We have already seen how peer networks have affected modern hiring practices, and we discovered how a crowd-sourced network can make a non-existent restaurant London’s number one place to eat. Today we look at how we build trust with new companies via the peer network.
We are in the renaissance of personal data applications and services are being curated to meet the individual needs. Leading this vanguard of creative disrupters…Wag!. “Wag!” is personalized dog walking service that matches dog owners with local dog walkers and sitters. Wag! dog handlers go through extensive background checks and on top of that you can track your dog walker in real time and before you meet them you can view their profile on Wag!’s mobile app. While background checks and certifications help build trust the clincher for most Wag! users are the ratings and reviews available for each Wag! dog handler.

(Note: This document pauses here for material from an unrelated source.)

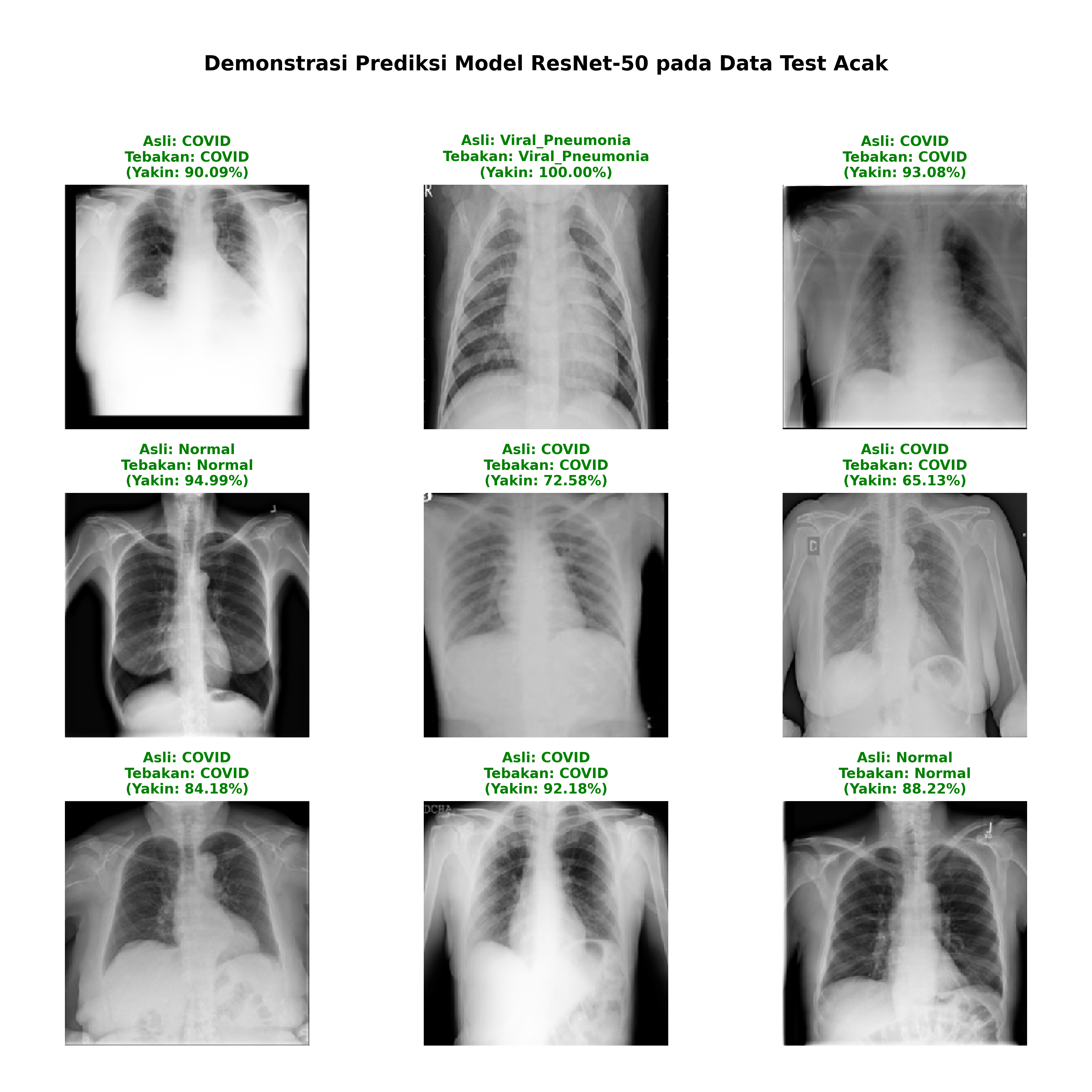 Grad CAM Predictions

The reviews come from people just like you. This prompts the question, why do we put value in peer references for these service providers? The simple reason is that that they are other people, just like you. They are fellow dog owners that live in your neighbourhood and they care about their dog just as much as you. These are your people, your dog-owning peers. If they say they had a good experience with this dog walker, it must be right. People trust others that fit into their own social group and seeing reviews from these people who are similar to yourself builds the bonds of trust needed to let a stranger walk your four-legged companion. The owner of that profile has been okayed by others in the dog community and they are now allowed into your circle of trust. This phenomenon is known as “social proof” and it is the currency that propelled new economy companies like Uber, Airbnb, and Wag! to their initial success. While now you can forge Cadbury’s hue of purple or Euthymides’s signature it’s much harder to forge the identity of your neighbour or the opinion of your friend. Peer networks and social proof are the trust layer of this generation where trademarks or a leader’s word was to the last generation.

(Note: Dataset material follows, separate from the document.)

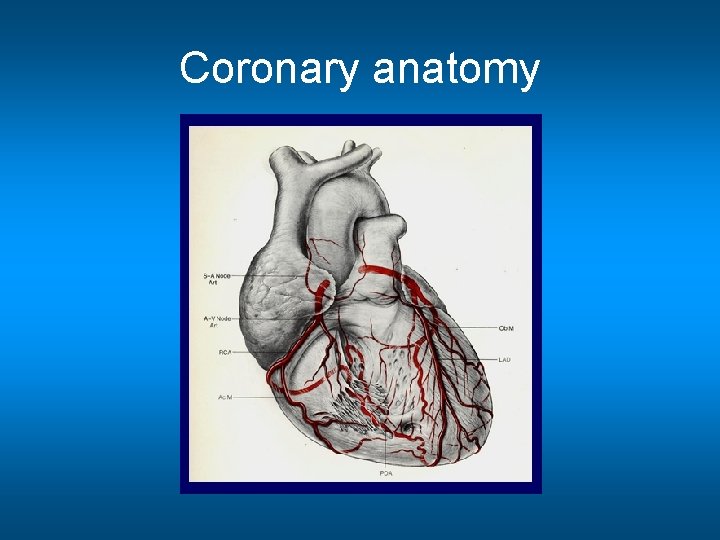 Coronary anatomy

Now, like our previous two parts of this series suggests, the system itself is not infallible. The 6 references for a Wag! dog walker may not be totally authentic, and for all you know, your neighbour was paid to make a positive review. While trust can be a challenge to build, it’s easy to break and the internet offers a multitude of platforms for individuals to post online about their experience, many outside of the control of service providers. We have all seen what effect one viral negative post can do to a company in an order of minutes. We only need to recall Kylie Jenner’s infamous tweet that helped Snapchat lose $1.3 billion in stock value. This is the peril of businesses that build their livelihood on the foundation of the peer network. Positive reviews can create massive windfalls, but negative ones can decimate a company just as quickly – this is an unstable position for the businesses, employees, and customers. The speed of the fall is mainly determined by how much trust has been entrenched between users and the company.

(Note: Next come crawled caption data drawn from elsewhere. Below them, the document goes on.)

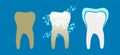 Beautiful flat dentist vector set of teeth cleansing process with decayed, cleansed and white shiny teeth on blue background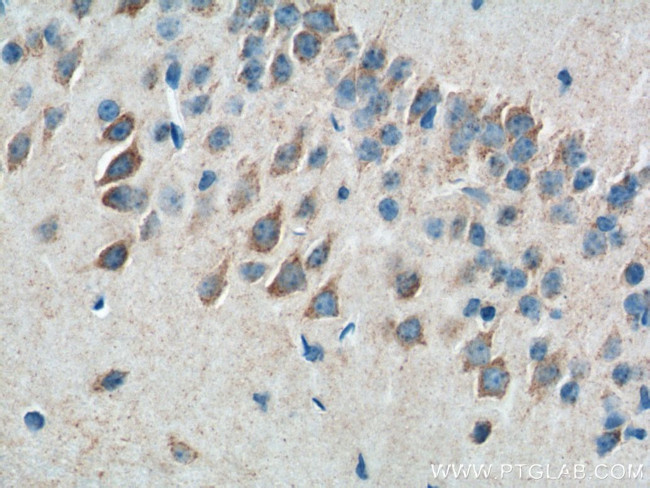 ATP5A1 Antibody in Immunohistochemistry (Paraffin) (IHC (P))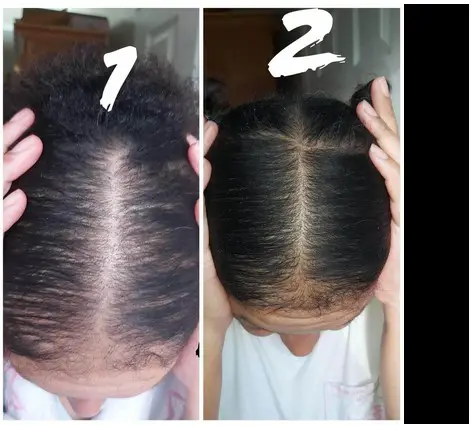 Female Pattern Hair Loss Success Stories 2021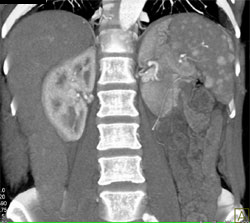 Sickle Cell Disease - CTisus CT Scan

This world is changing. Traditional gatekeepers have lost their position as venerated oracles of trust. Doctors are judged not by their degrees but what former and current patients have to say about them on Google Reviews. People are hired based on the skill set their peers have endorsed on LinkedIn, and people will choose a dog walker based on how they are reviewed by neighbours. The peer network has altered our behaviours, it has helped to build trust between strangers we want to transact with, and it has opened a new world to fraudulent representation. Like all advancements in our history, peer networks can be used for good or for bad but whatever future lies ahead one thing is for certain – it will be determined by our peers.